By studying Chungking Mansions, a building complex located in Hong Kong, I explore how the built environment and urban space influences and is influenced by both legal materiality and the political geographies of surveillance. Here, thousands belonging to Hong Kong’s minority South Asian population live and work (at times informally or illegally) in a place dubbed the city’s ‘last ghetto’, which stands in contrast to its affluent, sanitised, and hyper-modern surroundings.
Using an approach that combines critical geography scholarship and ethnographic fieldwork, I trace Chungking Mansions through the political contestations that inevitably arise between the regulation of ‘local’ space and the ‘others’ that inhabit it. I specifically focus on four encounters that illustrate the interpolation of law, space, and political power: a) bodily practices of surveillance between street touts and police; b) the usage of legal objects (e.g. licenses and databases) to regulate trade; c) the internal bordering of Chungking Mansions’ urban fabric by non-state actors; and d) forms of resistance exercised by asylum-seekers.

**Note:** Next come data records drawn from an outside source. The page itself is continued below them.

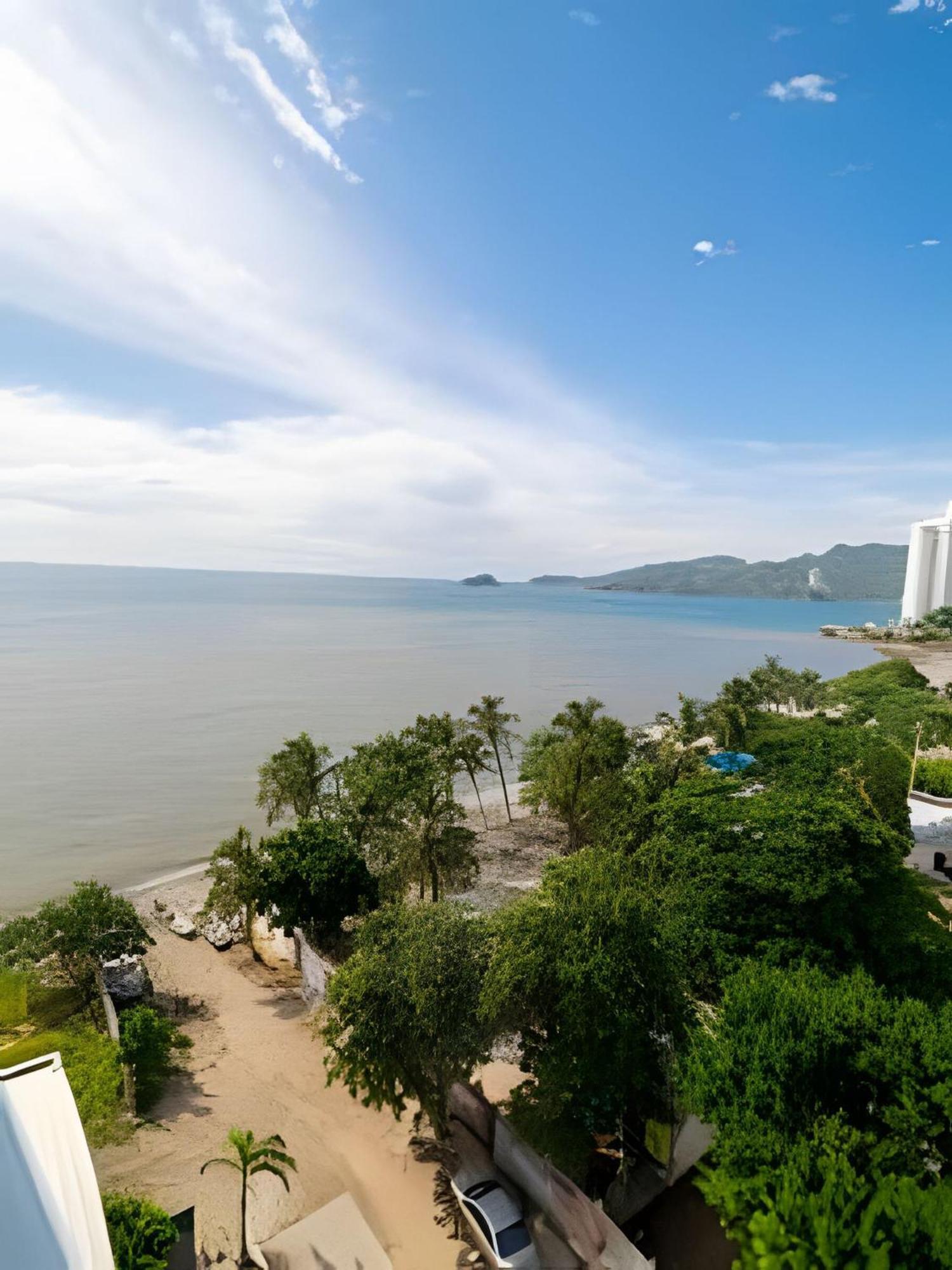 1 Vista Mar. Piscina Y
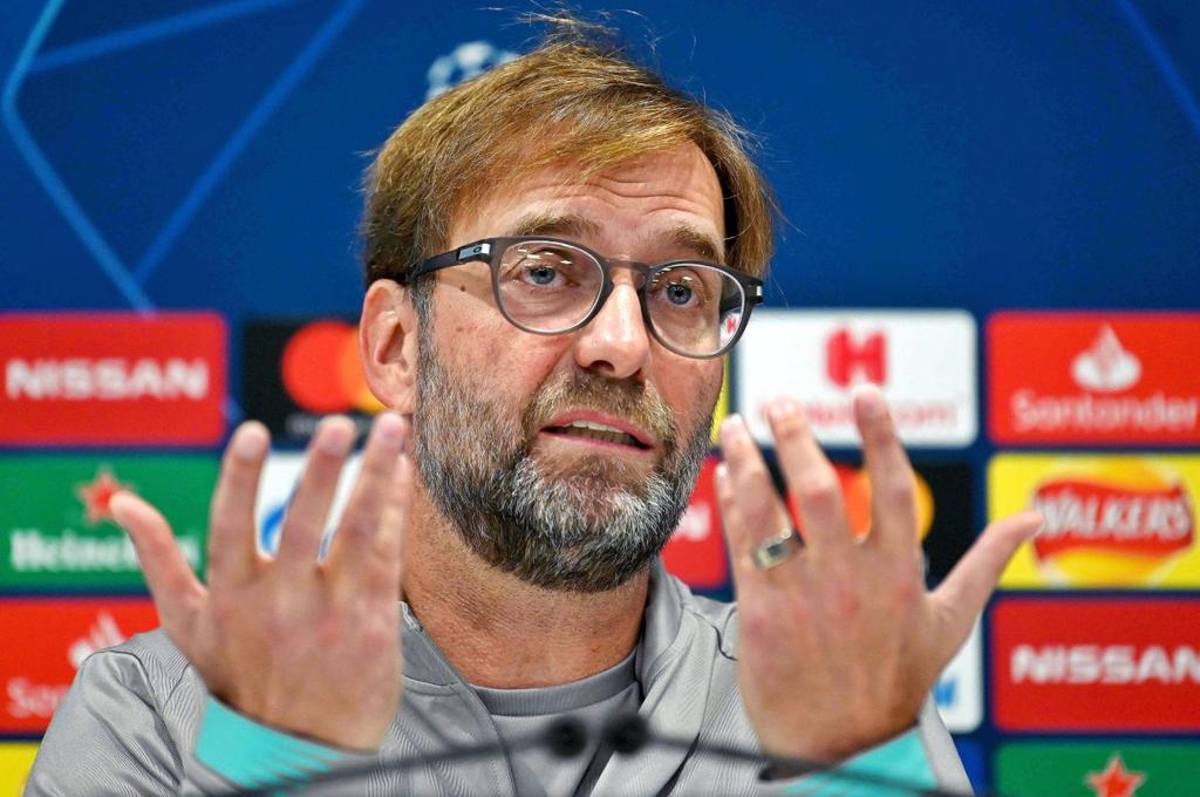 Lo puso en su sitio: Jürgen Klopp se enfada en conferencia de prensa con periodista y se marcha de la sala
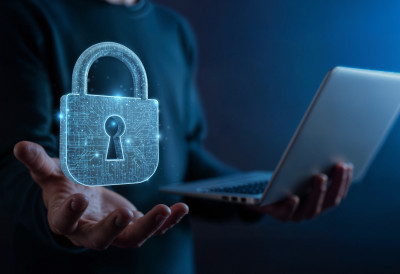 Сајбер криминалци не мирују СВАКОГ ДАНА СВЕ ВИШЕ НАПАДА НА ДРЖАВНЕ ИНСТИТУЦИЈЕ И КРИТИЧНУ ИНФРАСТРУКТУРУ, КАЖЕ РЕНАТ ГИМАДИЈЕВ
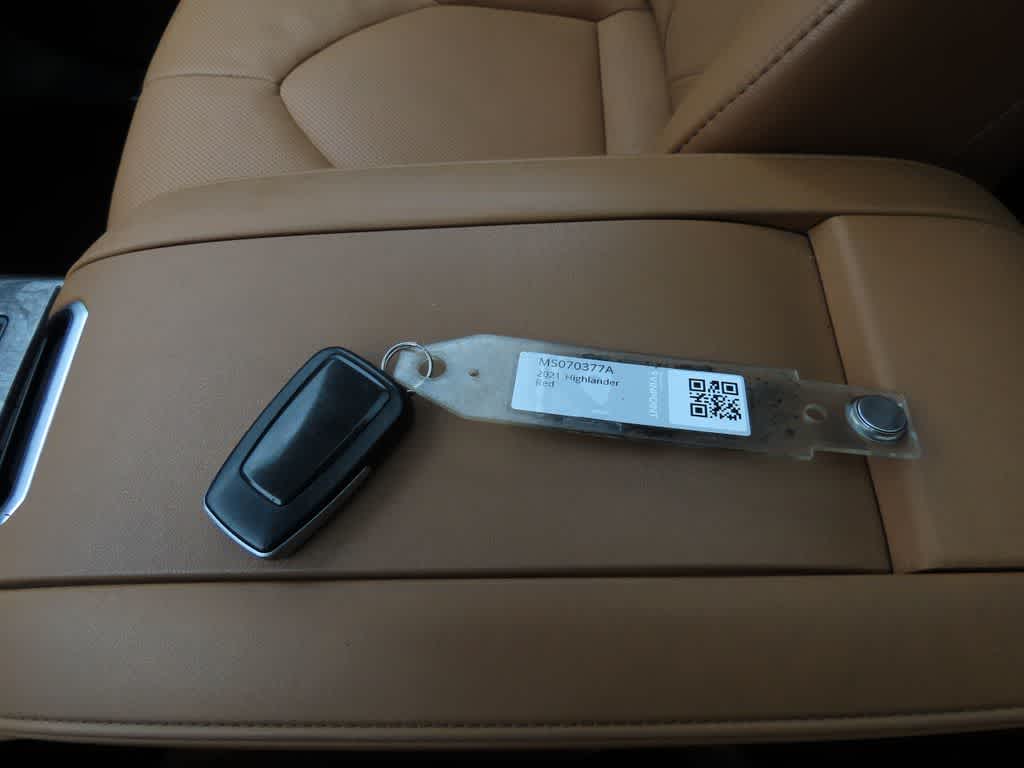 2021 Toyota Highlander Platinum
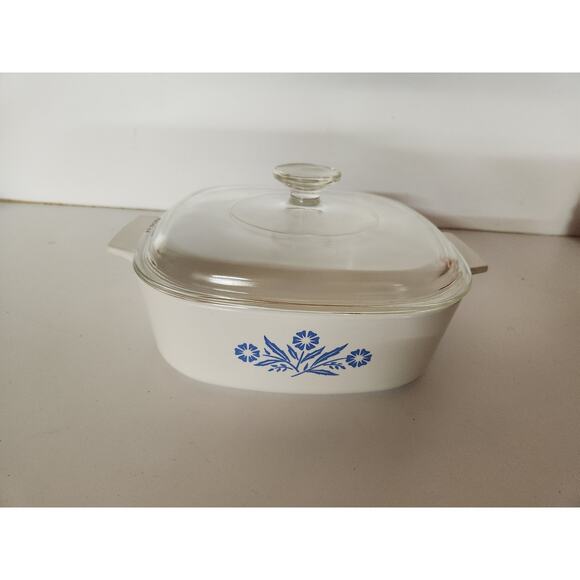 Corning Ware Cornflower 2 Quart Casserole Square w/Lid - Picture 1 of 5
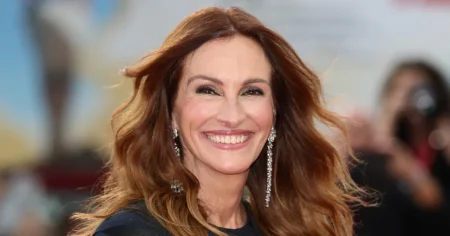 Hold the Jeans — Julia Roberts’ Denim Skirt Style Is the Chic Summer Alternative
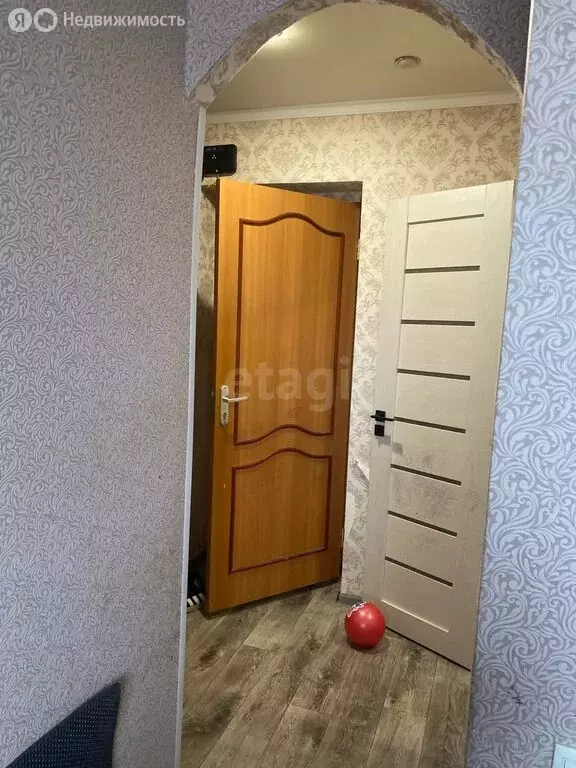1-комнатная квартира: Ялуторовск, улица Новикова, 32 (31.5 м) - Фото 2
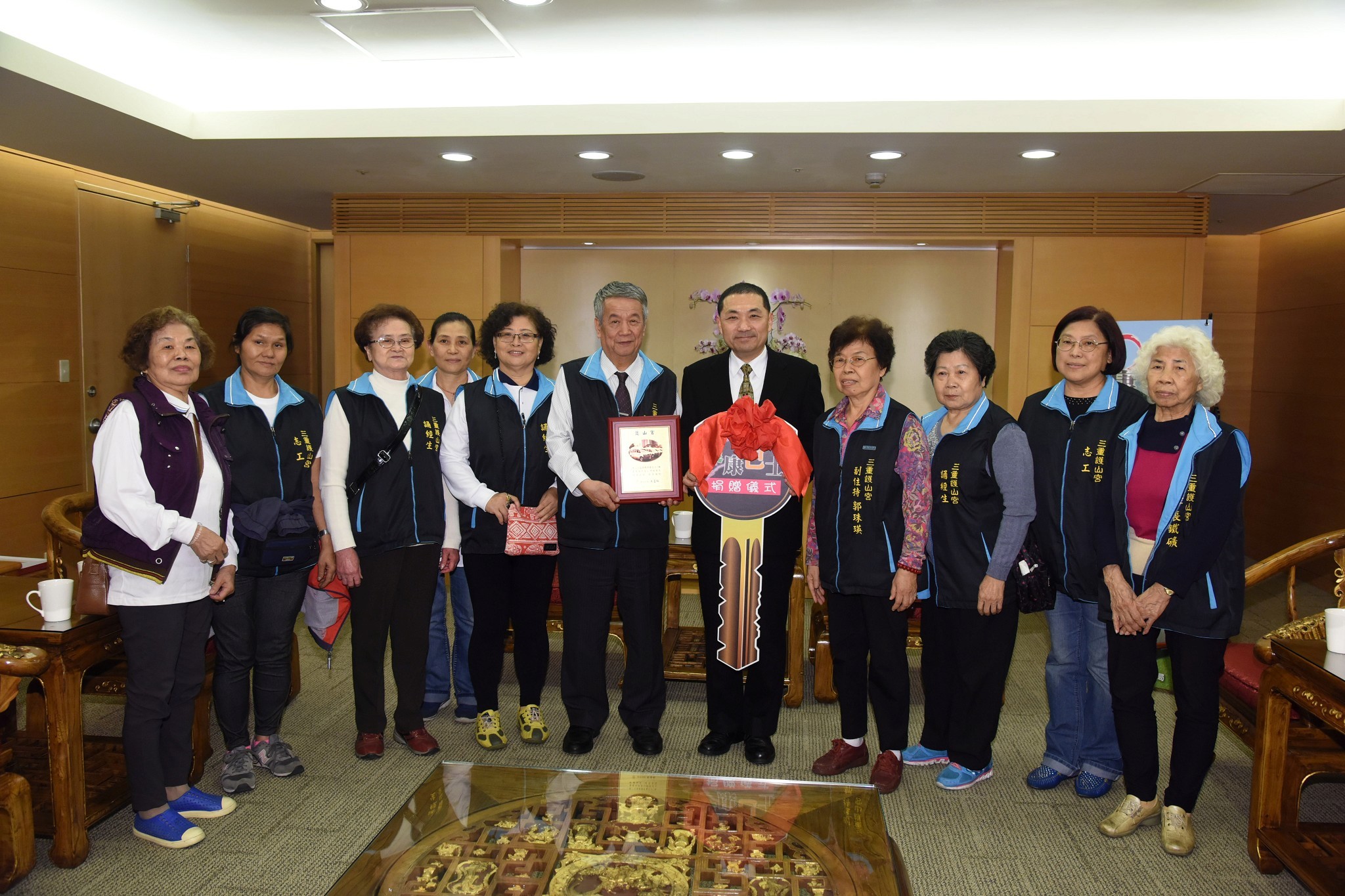 三重護山宮再度捐贈復巴 侯友宜感謝熱心公益關懷弱勢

Studying Chungking Mansions in this way allows for both an inter-Asian and, within it, a distinctly subaltern or ‘Other’ intervention in discussions surrounding urban studies, law, politics, and geography, which have traditionally focused on Western space and normativity. Moreover, framing the building complex as a distinctly political, spatial, and legal assemblage reveals not only how it is enmeshed within Hong Kong’s broader urban fabric, but how it remains a vital site of alternative globalisation as well.